View Full Version : neck relief
toddr
Mar-11-2006, 10:08am
I was wondering if anyone could give me some insight on correct neck relief and how to measure. and if it doesnt measure good the best way to make truss adjustments. thanks
Paul Hostetter
Mar-11-2006, 4:43pm
Sighting down the neck is fairly a waste of time. The best straightedge is built right into your instrument: the string under tension. Press it down at the first fret with one hand and on the bridge side of the 12th (or so) with the other. Now look at the halfway point and see what kind of clearance you have between the top of the frets and the string. That's the only part of the neck a trussrod can possibly affect. There should be a little clearance, but not much. Business card or so. Maybe less depending on how you play. Check the E and the G. Don't get upset if they're a little different.

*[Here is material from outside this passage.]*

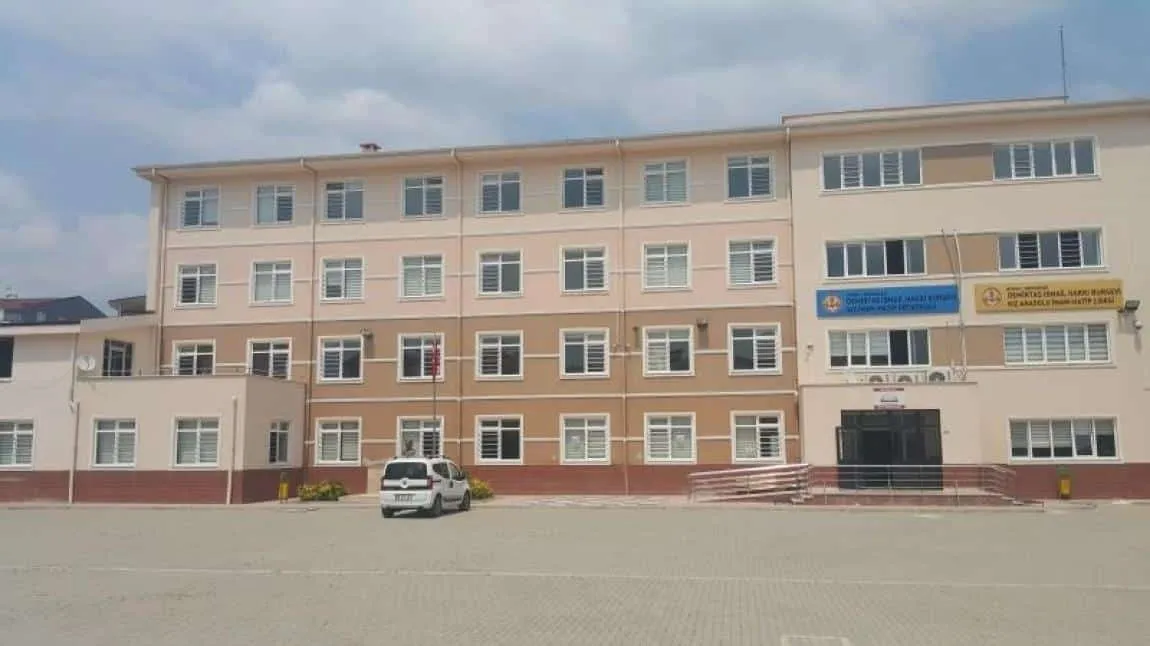 Demirtaş İsmail Hakkı Bursevi Kız Anadolu İmam Hatip Lisesi fotoğrafı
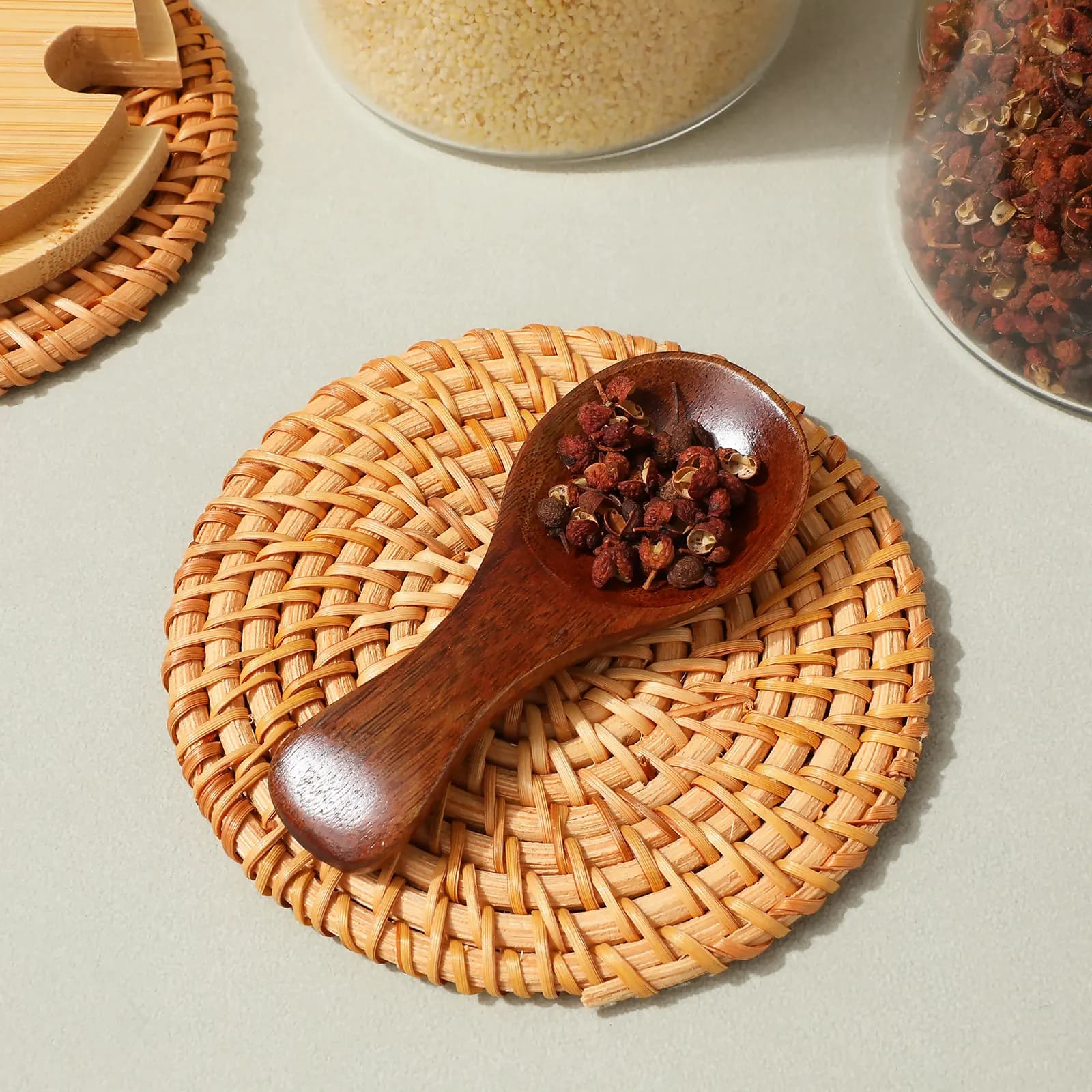 Set di 6 piccoli cucchiai in legno per spezie, mini mestoli naturali per condimenti, utensili da cucina in legno con impugnatura facile per condimenti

Again, the rod only affects the thin barrel of the neck between the nut and the heel. If this straightedge check reveals other issues elsewhere on the whole board, you'll have to rethink the process. Check www.frets.com for advice on adjusting the rod.
Michael Lewis
Mar-11-2006, 10:36pm
I don't trust my eyes for such fine measurements, so I use a straight edge and feeler gauges.
mandolinplucker
Mar-12-2006, 7:50pm
I read in a Taylor guitar newsletterabout how they set up a guitar, and it seems to work well. Lay the mando on its back and fret it on the first fret with your left hand while fretting it on the 12th fret with your right pinkie. With your right first finger tap the string. There should be just enough gap between the string and the frets for you to hear the string tapping against the frets. Not real technical but it works for me. Its the same as mentioned before but the tapping is easier than trying to sight under the strings.
Bill Halsey
Mar-13-2006, 7:10pm
The curvature along the length of a string's fundamental vibration pattern is more or less parabolic, meaning that it kicks with more curve in its center than at its ends, not counting overtones & partials. Thus, it seems to work best to try to have the greatest neck relief around maybe the 9th to the 15th frets, with progressively less in the lower frets up to nearly straight approaching the nut. We're talking a tiny amount here...like Paul said, maybe a business card thickness in the middle -- or very little more if you're a very aggressive player. This is fussy stuff, but if you get it right it's what helps an instrument feel like it "plays itself."